● **What to do**
No line before the one containing "Biomedicines 12 01726 g001" is to be output; retype exactly that line and all lines that follow it to the end of the records.

● **Extracted records**
━━━
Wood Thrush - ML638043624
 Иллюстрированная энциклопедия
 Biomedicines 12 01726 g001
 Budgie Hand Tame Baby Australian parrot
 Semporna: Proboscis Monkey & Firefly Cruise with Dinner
━━━
● **Exercise solution**
 Biomedicines 12 01726 g001
 Budgie Hand Tame Baby Australian parrot
 Semporna: Proboscis Monkey & Firefly Cruise with Dinner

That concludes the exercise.